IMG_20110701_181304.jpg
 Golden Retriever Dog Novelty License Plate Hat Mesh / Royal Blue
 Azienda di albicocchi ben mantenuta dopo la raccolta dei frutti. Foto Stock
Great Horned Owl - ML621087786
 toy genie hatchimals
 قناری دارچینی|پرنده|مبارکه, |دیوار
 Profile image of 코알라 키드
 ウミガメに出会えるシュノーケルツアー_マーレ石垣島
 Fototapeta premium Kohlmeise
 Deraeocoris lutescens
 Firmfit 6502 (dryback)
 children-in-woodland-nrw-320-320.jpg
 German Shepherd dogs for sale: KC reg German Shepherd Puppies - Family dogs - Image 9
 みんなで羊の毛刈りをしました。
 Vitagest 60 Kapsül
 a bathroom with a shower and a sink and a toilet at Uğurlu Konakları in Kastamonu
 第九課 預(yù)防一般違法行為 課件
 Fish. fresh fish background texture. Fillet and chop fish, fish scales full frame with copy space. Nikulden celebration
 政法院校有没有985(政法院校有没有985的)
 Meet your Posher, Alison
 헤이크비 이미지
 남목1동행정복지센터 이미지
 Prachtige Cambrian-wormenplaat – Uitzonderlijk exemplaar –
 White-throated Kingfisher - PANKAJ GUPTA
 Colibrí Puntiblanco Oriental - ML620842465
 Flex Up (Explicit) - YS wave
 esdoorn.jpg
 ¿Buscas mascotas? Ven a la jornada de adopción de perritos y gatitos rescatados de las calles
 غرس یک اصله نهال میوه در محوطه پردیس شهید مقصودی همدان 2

## [WHAT YOU HAVE TO DO]
Nothing but the lines from the one that contains "Golden Retriever Dog" through the end of the listing above should be copied, each exactly as written.

## [SOLUTION BELOW]
 Golden Retriever Dog Novelty License Plate Hat Mesh / Royal Blue
 Azienda di albicocchi ben mantenuta dopo la raccolta dei frutti. Foto Stock
Great Horned Owl - ML621087786
 toy genie hatchimals
 قناری دارچینی|پرنده|مبارکه, |دیوار
 Profile image of 코알라 키드
 ウミガメに出会えるシュノーケルツアー_マーレ石垣島
 Fototapeta premium Kohlmeise
 Deraeocoris lutescens
 Firmfit 6502 (dryback)
 children-in-woodland-nrw-320-320.jpg
 German Shepherd dogs for sale: KC reg German Shepherd Puppies - Family dogs - Image 9
 みんなで羊の毛刈りをしました。
 Vitagest 60 Kapsül
 a bathroom with a shower and a sink and a toilet at Uğurlu Konakları in Kastamonu
 第九課 預(yù)防一般違法行為 課件
 Fish. fresh fish background texture. Fillet and chop fish, fish scales full frame with copy space. Nikulden celebration
 政法院校有没有985(政法院校有没有985的)
 Meet your Posher, Alison
 헤이크비 이미지
 남목1동행정복지센터 이미지
 Prachtige Cambrian-wormenplaat – Uitzonderlijk exemplaar –
 White-throated Kingfisher - PANKAJ GUPTA
 Colibrí Puntiblanco Oriental - ML620842465
 Flex Up (Explicit) - YS wave
 esdoorn.jpg
 ¿Buscas mascotas? Ven a la jornada de adopción de perritos y gatitos rescatados de las calles
 غرس یک اصله نهال میوه در محوطه پردیس شهید مقصودی همدان 2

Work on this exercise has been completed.